As I believe I have freely admitted before in these pages (pages? entries? updates?), as a rule when I dip into contemporary fiction, it’s fiction for the junior set. I’m a fan of the Harry Potter series. And I recently devoured the latest Eoin Colfer/Artemis Fowl while being ferried down the New Jersey Turnpike. Perhaps I shouldn’t admit this. Will they come and take away my English degrees if I acknowledge that a great deal of contemporary adult lit-fic leaves me cold?
Well this weekend in the NYT book review was a (positive, not critical) essay about adult fans of YA/middle reader books (though the essay lumped the books all under YA). In two quotes it neatly summed up what I like about Books for Younger Readers and don’t like about a lot of contemporary adult literature.
The first, from historian and author Amanda Foreman: “There’s a freshness there; it’s engaging. Y.A. authors aren’t writing about middle-aged anomie or disappointed people.”

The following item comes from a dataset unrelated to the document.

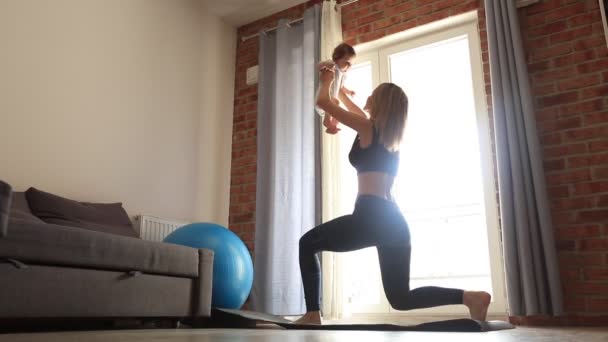 Jeune mère et son enfant faire un exercice physique — Video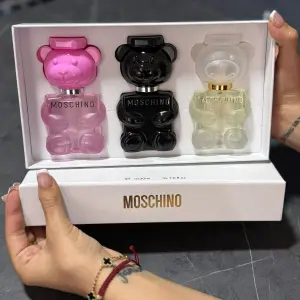 CAJA X 3 DE MOSCHINO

The other from the book critic Lev Grossman: “A lot of contemporary adult literature is characterized by a real
distrust of plot. I think young adult fiction is one of
the few areas of literature right now where storytelling really
thrives.”
As I regularly point out to people when explaining why I rarely read any contemporary literary fiction, if I wanted to be depressed, I could just read the news.